Galician Stew

February 25, 2010

Make this traditional Galician Stew for a warming winter meal. It calls for pork, veal and chicken and requires slow cooking.

Traditional Galician Stew (Cocido Gallego)

The protagonist of this Galician stew is pork, a king among vegetables and legumes. This recipe only requires time in order to prepare it and enjoy it.

INGREDIENTS

• ½ KG. OF VEAL HOCK
• ½ HEN
• ½ PIG’S HEAD
• 200 GR. BACON
• 1 PORK ELBOW
• 5 CURED SAUSAGES
• 4 BUNCHES OF TURNIP TOPS
• 10 LARGE POTATOES
• 300 GR. WHITE BEANS

PREPARATION

Put the meat to boil in a pot with cold water. Those that were previously salted must be desalted ahead of time. When the water starts to boil, add the beans, which have been soaking overnight. Let everything cook slowly for two hours, skimming the broth constantly.

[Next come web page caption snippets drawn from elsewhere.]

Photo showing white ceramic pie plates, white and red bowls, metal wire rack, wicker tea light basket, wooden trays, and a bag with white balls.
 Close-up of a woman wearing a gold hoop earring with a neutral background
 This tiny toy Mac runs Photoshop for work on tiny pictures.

Remove the meat, which should be kept warm. Add the sausages, the peeled potatoes and the turnip tops to the broth. Cook for thirty minutes more. Add the meat and heat through.

Serving the stew: Place the meat in one dish and the beans in another dish, with the turnip tops and the potatoes.

It’s important to eat the stew at the proper temperature; therefore the turnip tops and potatoes must always be kept warm. Each bowl can be topped off with a cup of the broth. A variation for this dish is to make filloas (Galician crepes) to accompany the sausages.